Top of MATERIAL FOR THIS EXERCISE

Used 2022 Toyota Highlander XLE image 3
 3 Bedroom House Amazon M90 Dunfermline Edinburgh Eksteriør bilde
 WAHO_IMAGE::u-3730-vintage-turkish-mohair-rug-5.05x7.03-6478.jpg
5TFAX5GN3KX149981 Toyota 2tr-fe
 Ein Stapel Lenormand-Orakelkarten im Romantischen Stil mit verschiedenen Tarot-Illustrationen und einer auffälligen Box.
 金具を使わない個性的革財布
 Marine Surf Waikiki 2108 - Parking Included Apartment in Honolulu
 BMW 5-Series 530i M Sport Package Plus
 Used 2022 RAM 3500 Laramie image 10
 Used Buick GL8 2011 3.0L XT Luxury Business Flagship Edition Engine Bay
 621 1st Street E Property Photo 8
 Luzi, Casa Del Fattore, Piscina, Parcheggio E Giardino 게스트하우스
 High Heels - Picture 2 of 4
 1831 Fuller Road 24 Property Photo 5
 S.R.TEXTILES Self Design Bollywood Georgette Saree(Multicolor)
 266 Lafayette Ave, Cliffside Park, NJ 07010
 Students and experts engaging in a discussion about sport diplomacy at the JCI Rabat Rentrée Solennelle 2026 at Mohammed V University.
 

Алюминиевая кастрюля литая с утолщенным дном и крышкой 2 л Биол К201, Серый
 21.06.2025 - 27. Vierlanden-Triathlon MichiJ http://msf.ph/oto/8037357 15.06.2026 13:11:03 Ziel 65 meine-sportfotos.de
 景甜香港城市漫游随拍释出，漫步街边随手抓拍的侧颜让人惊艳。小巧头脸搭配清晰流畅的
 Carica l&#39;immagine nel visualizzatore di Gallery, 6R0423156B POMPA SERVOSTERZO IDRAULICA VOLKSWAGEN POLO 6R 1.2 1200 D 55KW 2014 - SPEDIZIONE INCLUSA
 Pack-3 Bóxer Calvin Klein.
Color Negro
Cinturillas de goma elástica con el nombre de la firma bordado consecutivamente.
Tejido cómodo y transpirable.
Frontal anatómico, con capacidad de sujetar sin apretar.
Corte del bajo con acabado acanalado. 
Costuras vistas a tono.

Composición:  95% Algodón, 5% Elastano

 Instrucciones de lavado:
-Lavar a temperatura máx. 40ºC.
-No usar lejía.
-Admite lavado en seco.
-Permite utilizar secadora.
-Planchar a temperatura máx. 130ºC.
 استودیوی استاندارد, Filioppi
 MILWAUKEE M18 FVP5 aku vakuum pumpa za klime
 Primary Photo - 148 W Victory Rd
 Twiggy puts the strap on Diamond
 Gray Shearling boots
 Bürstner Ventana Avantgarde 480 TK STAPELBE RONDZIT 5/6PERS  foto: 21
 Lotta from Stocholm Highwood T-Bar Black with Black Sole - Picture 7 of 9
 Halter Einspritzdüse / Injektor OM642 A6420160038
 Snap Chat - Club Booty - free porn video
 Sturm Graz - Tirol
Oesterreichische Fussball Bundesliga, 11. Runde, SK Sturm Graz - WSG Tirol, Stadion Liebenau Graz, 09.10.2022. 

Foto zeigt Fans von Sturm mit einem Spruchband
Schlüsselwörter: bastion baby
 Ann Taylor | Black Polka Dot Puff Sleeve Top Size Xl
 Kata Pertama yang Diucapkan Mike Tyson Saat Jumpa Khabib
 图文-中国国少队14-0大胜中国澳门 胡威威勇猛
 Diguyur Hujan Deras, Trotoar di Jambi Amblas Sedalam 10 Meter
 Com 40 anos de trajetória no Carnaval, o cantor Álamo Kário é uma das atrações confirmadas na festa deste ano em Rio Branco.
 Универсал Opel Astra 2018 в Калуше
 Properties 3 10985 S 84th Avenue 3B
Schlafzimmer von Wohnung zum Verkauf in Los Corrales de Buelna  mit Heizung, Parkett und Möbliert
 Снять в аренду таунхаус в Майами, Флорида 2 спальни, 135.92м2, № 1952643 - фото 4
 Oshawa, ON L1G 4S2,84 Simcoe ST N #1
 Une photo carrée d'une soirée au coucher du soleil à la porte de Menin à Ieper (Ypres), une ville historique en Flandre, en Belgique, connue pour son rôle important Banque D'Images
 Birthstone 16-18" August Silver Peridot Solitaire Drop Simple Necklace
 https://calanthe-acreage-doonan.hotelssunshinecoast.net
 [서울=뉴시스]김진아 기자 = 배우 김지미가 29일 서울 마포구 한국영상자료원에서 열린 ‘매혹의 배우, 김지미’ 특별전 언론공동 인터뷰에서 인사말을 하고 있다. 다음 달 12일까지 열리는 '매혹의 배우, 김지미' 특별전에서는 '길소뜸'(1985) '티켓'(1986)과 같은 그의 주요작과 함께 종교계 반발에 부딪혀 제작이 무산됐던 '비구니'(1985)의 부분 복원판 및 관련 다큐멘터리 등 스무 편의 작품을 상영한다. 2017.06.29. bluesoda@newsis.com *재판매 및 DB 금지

Bottom of MATERIAL FOR THIS EXERCISE

TASK DESCRIPTION: What you return must match the records exactly, down to the last line.

TASK SOLUTION:
Used 2022 Toyota Highlander XLE image 3
 3 Bedroom House Amazon M90 Dunfermline Edinburgh Eksteriør bilde
 WAHO_IMAGE::u-3730-vintage-turkish-mohair-rug-5.05x7.03-6478.jpg
5TFAX5GN3KX149981 Toyota 2tr-fe
 Ein Stapel Lenormand-Orakelkarten im Romantischen Stil mit verschiedenen Tarot-Illustrationen und einer auffälligen Box.
 金具を使わない個性的革財布
 Marine Surf Waikiki 2108 - Parking Included Apartment in Honolulu
 BMW 5-Series 530i M Sport Package Plus
 Used 2022 RAM 3500 Laramie image 10
 Used Buick GL8 2011 3.0L XT Luxury Business Flagship Edition Engine Bay
 621 1st Street E Property Photo 8
 Luzi, Casa Del Fattore, Piscina, Parcheggio E Giardino 게스트하우스
 High Heels - Picture 2 of 4
 1831 Fuller Road 24 Property Photo 5
 S.R.TEXTILES Self Design Bollywood Georgette Saree(Multicolor)
 266 Lafayette Ave, Cliffside Park, NJ 07010
 Students and experts engaging in a discussion about sport diplomacy at the JCI Rabat Rentrée Solennelle 2026 at Mohammed V University.
 

Алюминиевая кастрюля литая с утолщенным дном и крышкой 2 л Биол К201, Серый
 21.06.2025 - 27. Vierlanden-Triathlon MichiJ http://msf.ph/oto/8037357 15.06.2026 13:11:03 Ziel 65 meine-sportfotos.de
 景甜香港城市漫游随拍释出，漫步街边随手抓拍的侧颜让人惊艳。小巧头脸搭配清晰流畅的
 Carica l&#39;immagine nel visualizzatore di Gallery, 6R0423156B POMPA SERVOSTERZO IDRAULICA VOLKSWAGEN POLO 6R 1.2 1200 D 55KW 2014 - SPEDIZIONE INCLUSA
 Pack-3 Bóxer Calvin Klein.
Color Negro
Cinturillas de goma elástica con el nombre de la firma bordado consecutivamente.
Tejido cómodo y transpirable.
Frontal anatómico, con capacidad de sujetar sin apretar.
Corte del bajo con acabado acanalado. 
Costuras vistas a tono.

Composición:  95% Algodón, 5% Elastano

 Instrucciones de lavado:
-Lavar a temperatura máx. 40ºC.
-No usar lejía.
-Admite lavado en seco.
-Permite utilizar secadora.
-Planchar a temperatura máx. 130ºC.
 استودیوی استاندارد, Filioppi
 MILWAUKEE M18 FVP5 aku vakuum pumpa za klime
 Primary Photo - 148 W Victory Rd
 Twiggy puts the strap on Diamond
 Gray Shearling boots
 Bürstner Ventana Avantgarde 480 TK STAPELBE RONDZIT 5/6PERS  foto: 21
 Lotta from Stocholm Highwood T-Bar Black with Black Sole - Picture 7 of 9
 Halter Einspritzdüse / Injektor OM642 A6420160038
 Snap Chat - Club Booty - free porn video
 Sturm Graz - Tirol
Oesterreichische Fussball Bundesliga, 11. Runde, SK Sturm Graz - WSG Tirol, Stadion Liebenau Graz, 09.10.2022. 

Foto zeigt Fans von Sturm mit einem Spruchband
Schlüsselwörter: bastion baby
 Ann Taylor | Black Polka Dot Puff Sleeve Top Size Xl
 Kata Pertama yang Diucapkan Mike Tyson Saat Jumpa Khabib
 图文-中国国少队14-0大胜中国澳门 胡威威勇猛
 Diguyur Hujan Deras, Trotoar di Jambi Amblas Sedalam 10 Meter
 Com 40 anos de trajetória no Carnaval, o cantor Álamo Kário é uma das atrações confirmadas na festa deste ano em Rio Branco.
 Универсал Opel Astra 2018 в Калуше
 Properties 3 10985 S 84th Avenue 3B
Schlafzimmer von Wohnung zum Verkauf in Los Corrales de Buelna  mit Heizung, Parkett und Möbliert
 Снять в аренду таунхаус в Майами, Флорида 2 спальни, 135.92м2, № 1952643 - фото 4
 Oshawa, ON L1G 4S2,84 Simcoe ST N #1
 Une photo carrée d'une soirée au coucher du soleil à la porte de Menin à Ieper (Ypres), une ville historique en Flandre, en Belgique, connue pour son rôle important Banque D'Images
 Birthstone 16-18" August Silver Peridot Solitaire Drop Simple Necklace
 https://calanthe-acreage-doonan.hotelssunshinecoast.net
 [서울=뉴시스]김진아 기자 = 배우 김지미가 29일 서울 마포구 한국영상자료원에서 열린 ‘매혹의 배우, 김지미’ 특별전 언론공동 인터뷰에서 인사말을 하고 있다. 다음 달 12일까지 열리는 '매혹의 배우, 김지미' 특별전에서는 '길소뜸'(1985) '티켓'(1986)과 같은 그의 주요작과 함께 종교계 반발에 부딪혀 제작이 무산됐던 '비구니'(1985)의 부분 복원판 및 관련 다큐멘터리 등 스무 편의 작품을 상영한다. 2017.06.29. bluesoda@newsis.com *재판매 및 DB 금지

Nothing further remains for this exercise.